Lors d'un entretien accordé le 12 novembre à quelques journalistes autorisés à pénétrer pour la première fois dans l'enceinte de la centrale Fukushima Daiichi, saccagée par le séisme et le tsunami du 11 mars, M. Yoshida avait balayé d'un revers la question portant sur la dose de radiations à laquelle il a été soumis.

Durant la première semaine de l'accident en mars, avec une cascade infernale d'avaries et le risque d'un emballement, il a même plusieurs fois «cru mourir».

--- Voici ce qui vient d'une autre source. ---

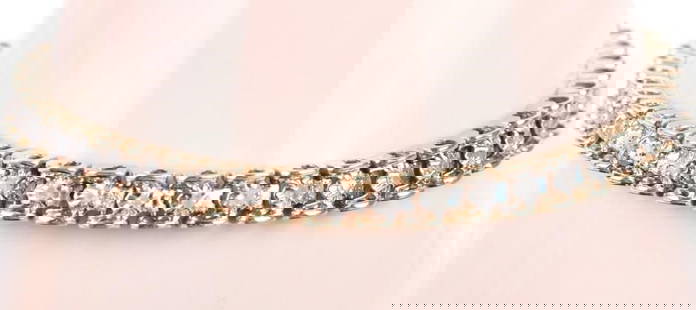 DIAMOND TENNIS BRACELET IN 10K YELLOW GOLD: 0.33CTW Diamond tennis bracelet in 10K yellow gold.Stone Type: DiamondWeight: 5.0 GramsSize: 7" LengthCondition: Missing 4 diamonds.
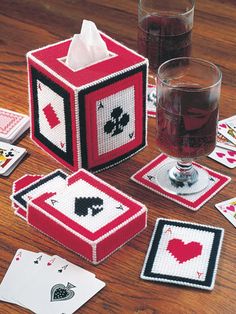 a table topped with cards and cups filled with liquid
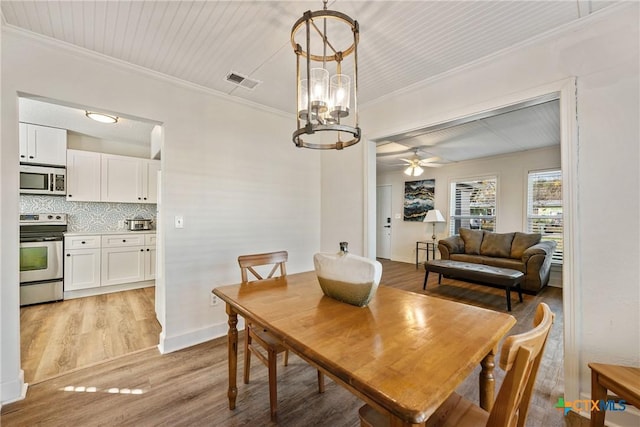 dining area with ceiling fan with notable chandelier, light wood-type flooring, and ornamental molding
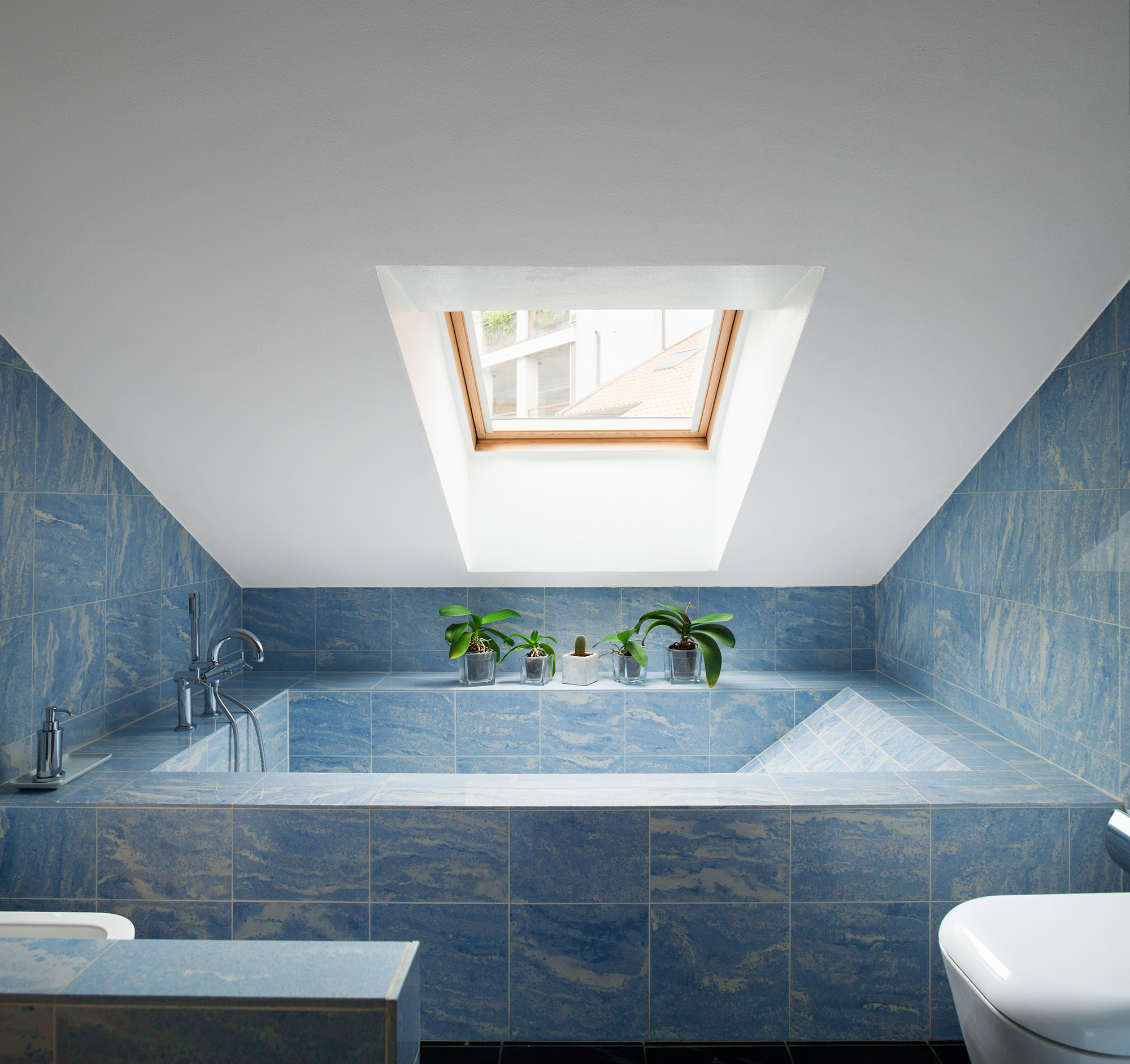 Vasca da bagno piastrellata in blu sotto un tetto spiovente verniciato in bianco con finestre.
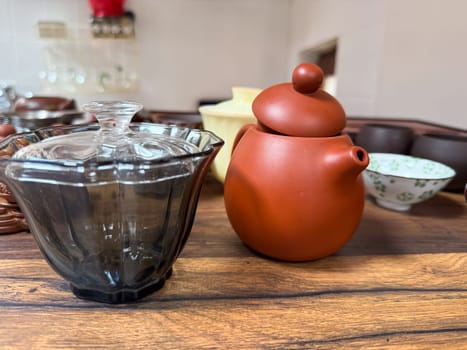Clay teapot and glass bowl on wooden tea table. Traditional tea ceremony tools used for mindful brewing and aesthetic appreciation of tea culture.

«J'ai eu peur de perdre le contrôle total des installations, que ce soit la fin», a-t-il confié, se remémorant les ouvriers qui revenaient blessés après l'explosion dans le réacteur 1 et la difficulté d'injecter de l'eau dans le numéro 2 à cause de la fusion du combustible, qui faisait que l'on ne savait pas ce qui allait se passer dans la seconde suivante.

En tant que directeur du site, il a failli être limogé pour avoir désobéi en cachette aux instructions du bureau du premier ministre dans les premiers jours de la catastrophe: il a poursuivi l'injection d'eau de mer dans les réacteurs pour les refroidir, alors que le gouvernement, hésitant, avait un temps ordonné une suspension.

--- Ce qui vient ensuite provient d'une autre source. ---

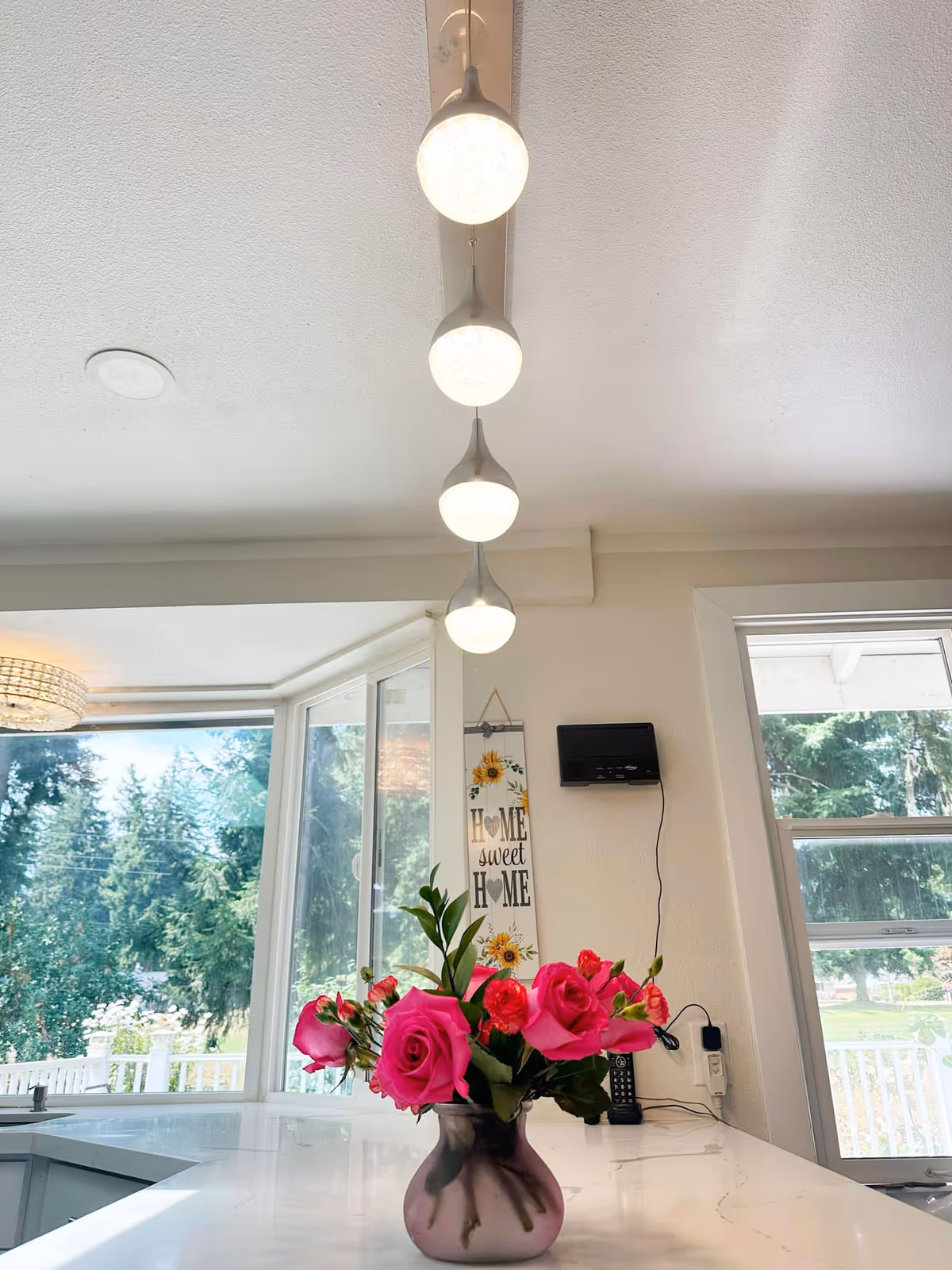 Bright kitchen area with a vase of pink roses on a white countertop near large windows.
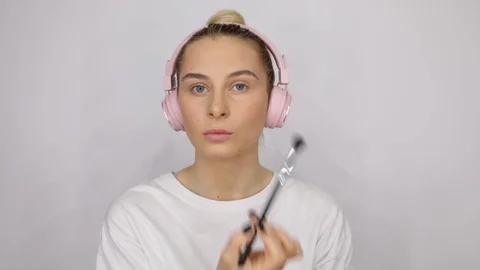Close up young caucasian model eyebrow pinching professional makeup. Beautiful Stock Footage 112661761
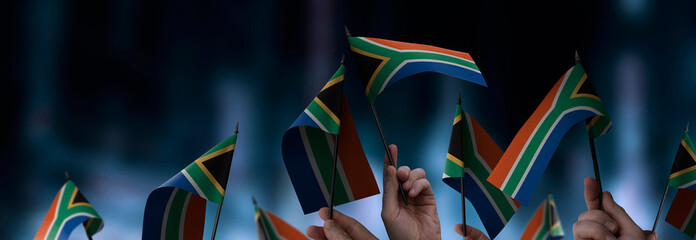 South Africa flags in their hands on a blurred urban background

«La décision de continuer s'est avérée tout à fait juste, mais la manière dont il a procédé et rapporté les faits demande à être examinée», indiquait en mai un directeur général adjoint de Tepco, congédié depuis.

Sur les lieux depuis la catastrophe, ce meneur d'équipe a vécu les pires moments et oeuvré dans des conditions extrêmes.

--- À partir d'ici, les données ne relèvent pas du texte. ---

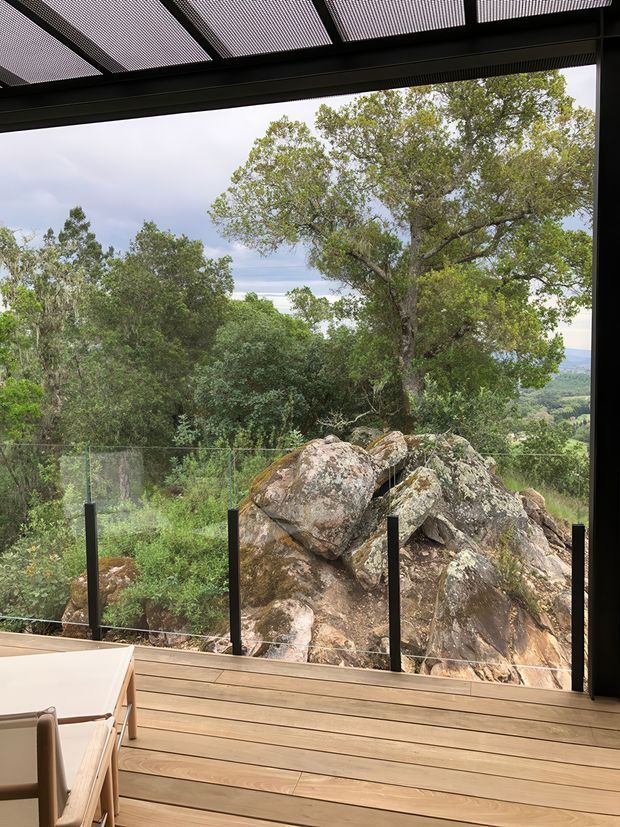A covered indoor-outdoor living space opens onto a timber deck with frameless glass balustrading, overlooking a large exposed rock outcrop, dense native vegetation, and a distant valley landscape. A slatted overhead roof provides shade, while part of a light timber dining table and chair is visible in the foreground. The scene has a strong connection to the natural, rocky site.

«Si certains veulent partir, je ne les arrêterai pas», a-t-il même dit un jour aux ouvriers, ne voulant pas forcer des hommes à travailler dans de telles circonstances contre leur volonté.

«Il y a des travailleurs dans la centrale qui souffrent et qui n'osent pas le dire, parce qu'ils veulent contribuer à résoudre l'accident, mais pour eux-mêmes et leurs collègues je les incite à se confier», témoignait en août un médecin affecté à Fukushima.

M. Yoshida était apparu cet été sur une vidéo, en tenue blanche de protection, présentant ses «excuses profondes» pour avoir causé des «soucis à la population».

«J'ai reçu des messages de soutien du monde entier», expliquait cet homme de 56 ans, nommé directeur de la centrale Fukushima Daiichi en juin 2010, moins d'un an avant le drame.

Entré chez Tepco en 1979, il gardera un emploi dans la division nucléaire de la compagnie d'électricité, mais sera remplacé à la tête du complexe atomique le 1er décembre par Takeshi Takahashi, 54 ans, déjà engagé dans les opérations.